Let's start by looking at so first:

So is used before an adjective for emphasis (to make the statement stronger).

Let’s compare these sentences:

so + adjective

The soup is hot. The soup is so hot.

Let's now look at too:

John is too tall.

Too is used for emphasis also, but it means ‘more than needed’ or ‘more than enough.’

It is used to show that something is bad (negative) or that something is over the desired limit.

Take a look at these ideas:

John is so tall. He plays basketball well. (His tallness is not a bad thing)

John is too tall. He cannot sit comfortably on an airplane. (His tallness is a bad thing)

The second sentence means that he is very tall and that is a bad thing. His height is over the limit. He is 2 meters tall. Therefore he cannot fit on an airplane. John is too tall.

Following these rules, we still come across sentences that are similar in meaning. For example:

It’s so hot today. Let’s stay inside. (very hot)

It’s too hot today. Let’s stay inside. (there is too much heat so we cannot go outside)

Both of these sentences are correct and work well in this situation. In many situations though, one word is more suitable than the other. Look at this example:

The camera was ___ expensive, but I bought it.
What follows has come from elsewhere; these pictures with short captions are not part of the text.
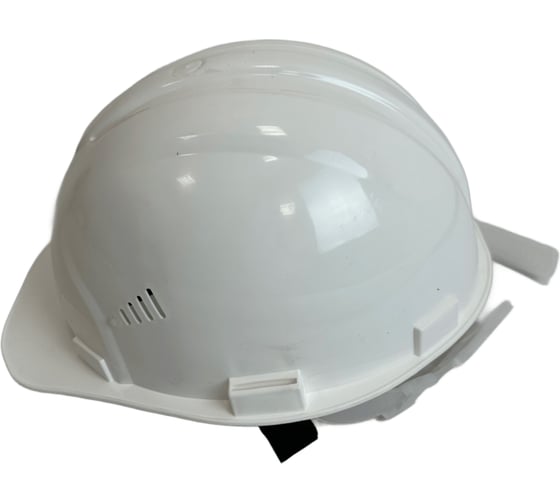 Каска строительная защитная SAMGRUPP белая BASIC SR-109010002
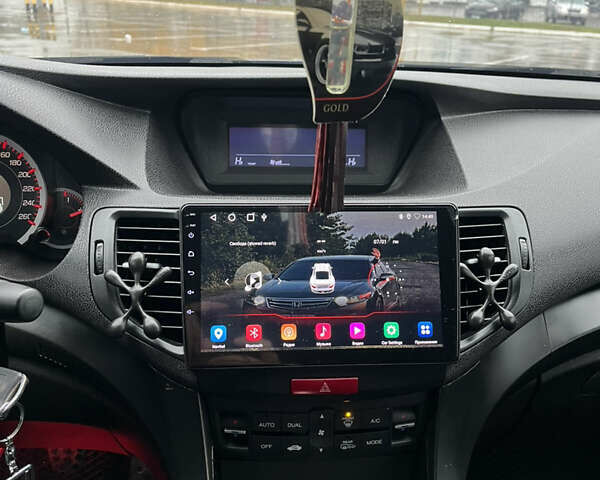 Серый Хонда Аккорд, объемом двигателя 2.4 л и пробегом 295 тыс. км за 7000 $, фото 11 на Automoto.ua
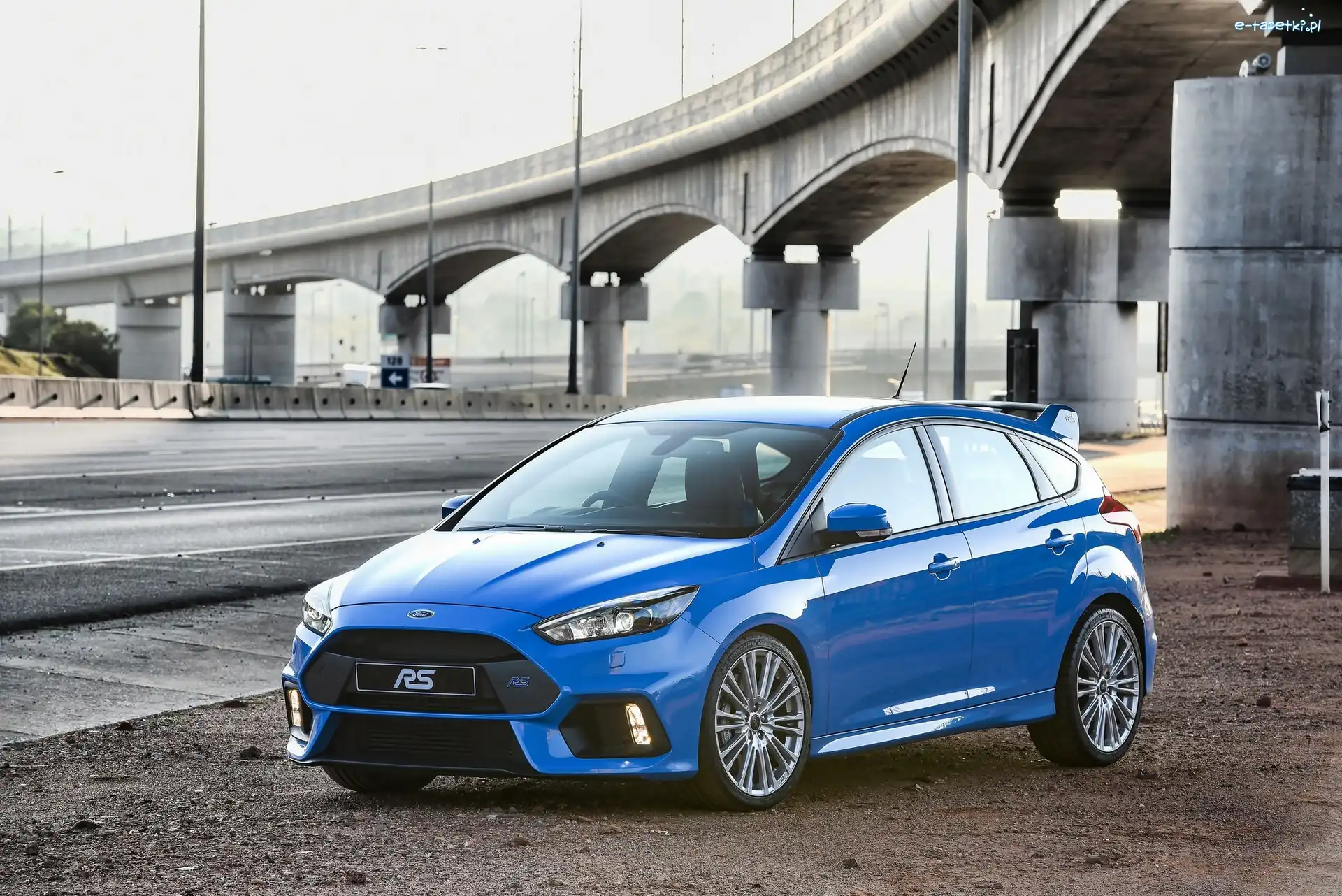 Ford Focus III RS, Niebieski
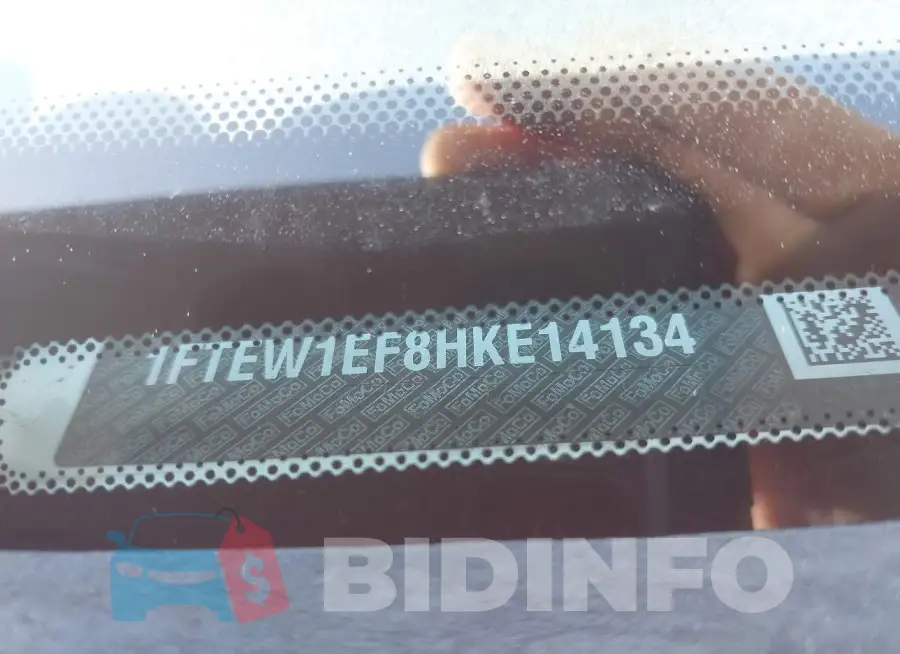 1FTEW1EF8HKE14134 Photo# 9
The camera was ___ expensive. I didn’t buy it.

What’s the answer for #1?

So is the best answer. Why? If it were too expensive, then you couldn’t have bought it. It would be over the limit of the money you had (unless you had a credit card). The camera was so expensive (very expensive), but you bought it. The price was within your limits.

What’s the answer for #2?

Too. The price was too high. You didn’t have enough money. Therefore, you could not buy it. You could use ‘so’ here to mean it was very expensive. But if you want to express that the price was higher than you could afford, use too expensive.

In your examples

  1. It's a nice book but it's 'too' expensive. I'm not going to buy it.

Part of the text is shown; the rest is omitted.